_PROBLEM_:
In the material below, the line holding "Reader, Backlit Keyboard" and every line after it should be reproduced exactly, please, with pictures omitted.

_DATA SHOWN_:
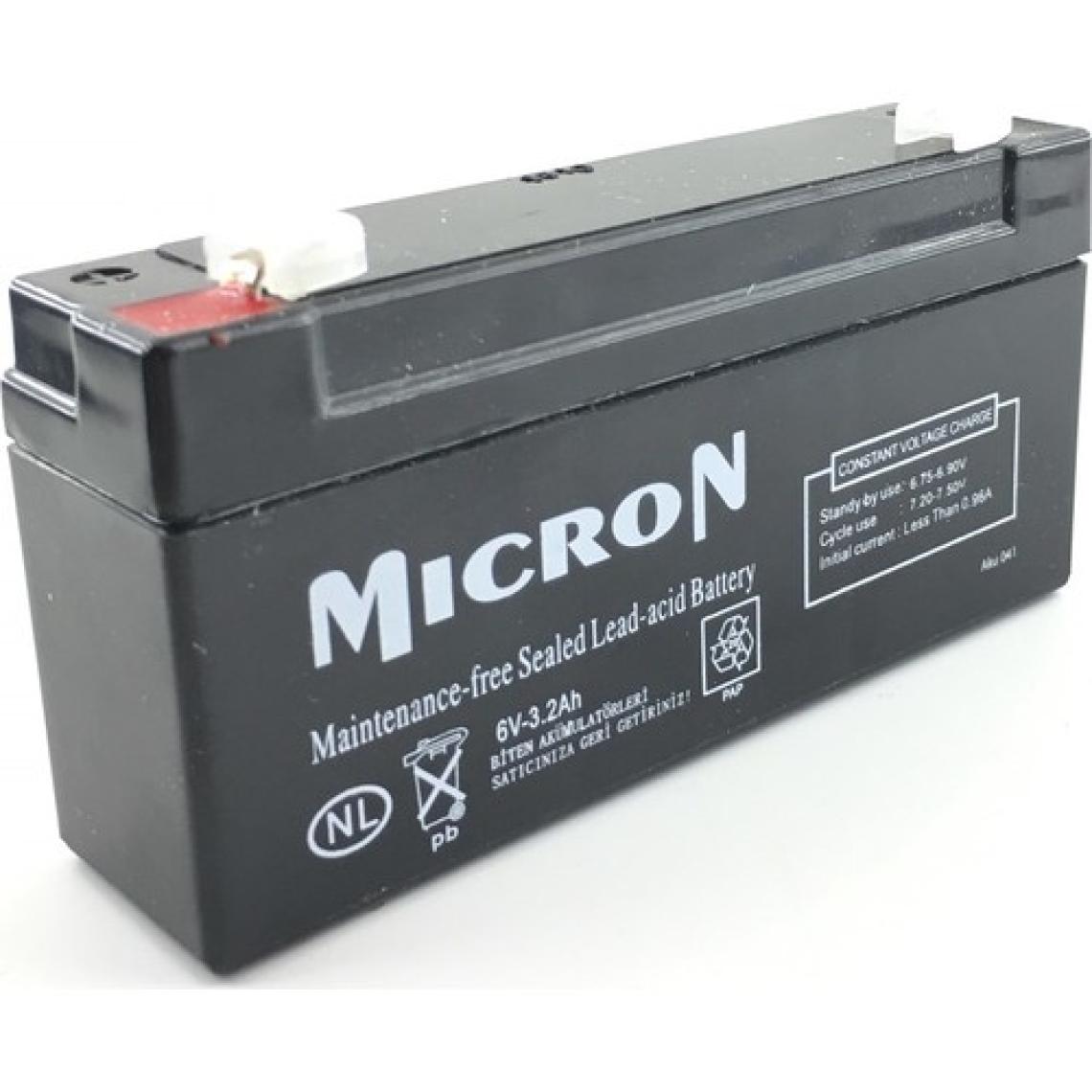 Micron 6V 3.2 Ah Mıcron Kuru Bakımsız Akü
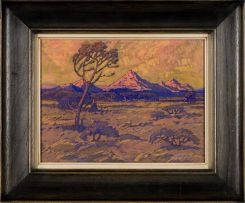 Jacob Hendrik Pierneef; A Windswept Tree on an Extensive Landscape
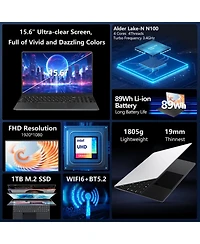 Memozuoix 15.6" Laptop Intel N100, 16GB Ram, 1TB Ssd, Windows 11 Work Computer, Fingerprint Reader, Backlit Keyboard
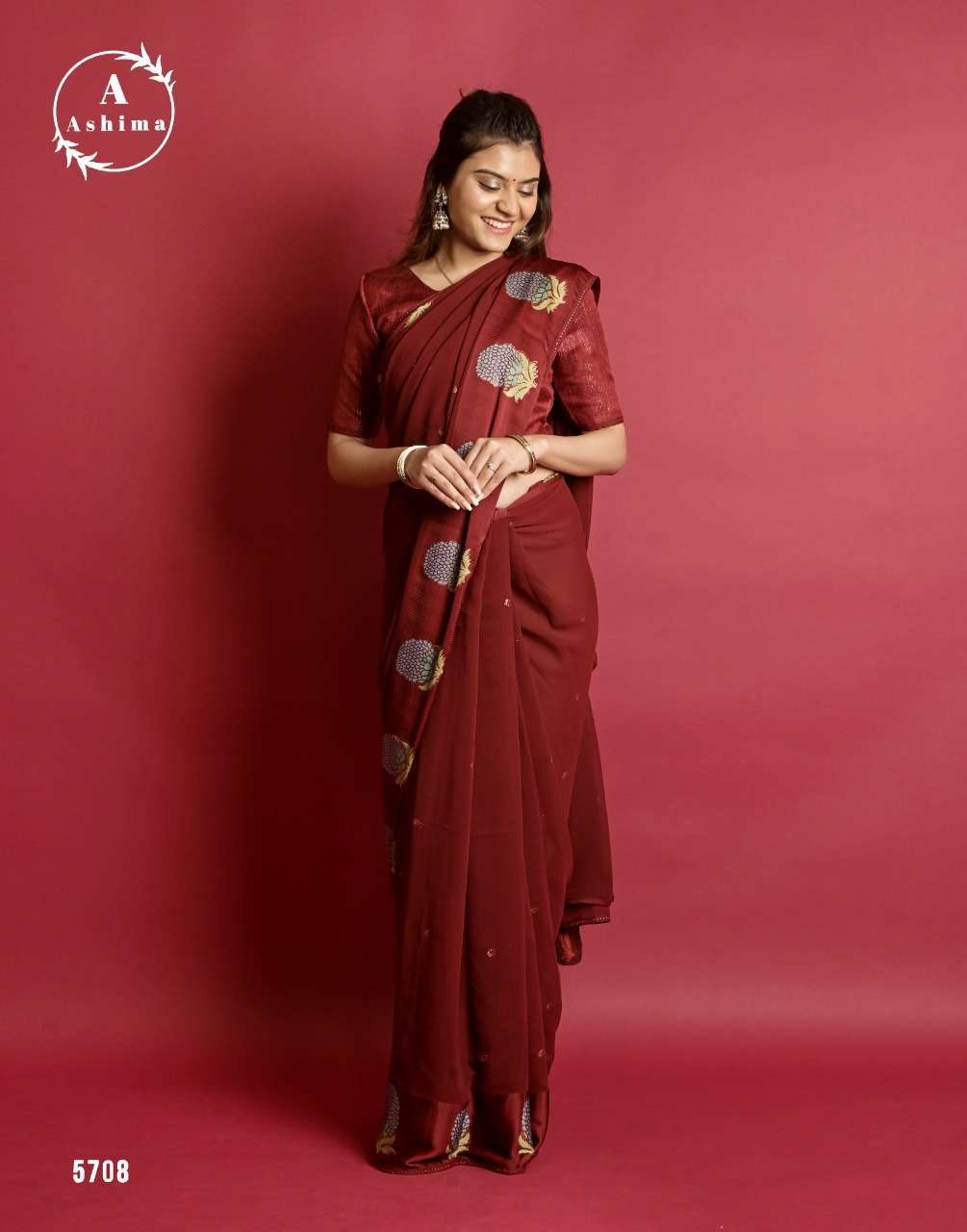 ashima lavish dark series 5701-5708 georgette satin border saree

_RESPONSE TO THIS TASK_:
 Memozuoix 15.6" Laptop Intel N100, 16GB Ram, 1TB Ssd, Windows 11 Work Computer, Fingerprint Reader, Backlit Keyboard
 ashima lavish dark series 5701-5708 georgette satin border saree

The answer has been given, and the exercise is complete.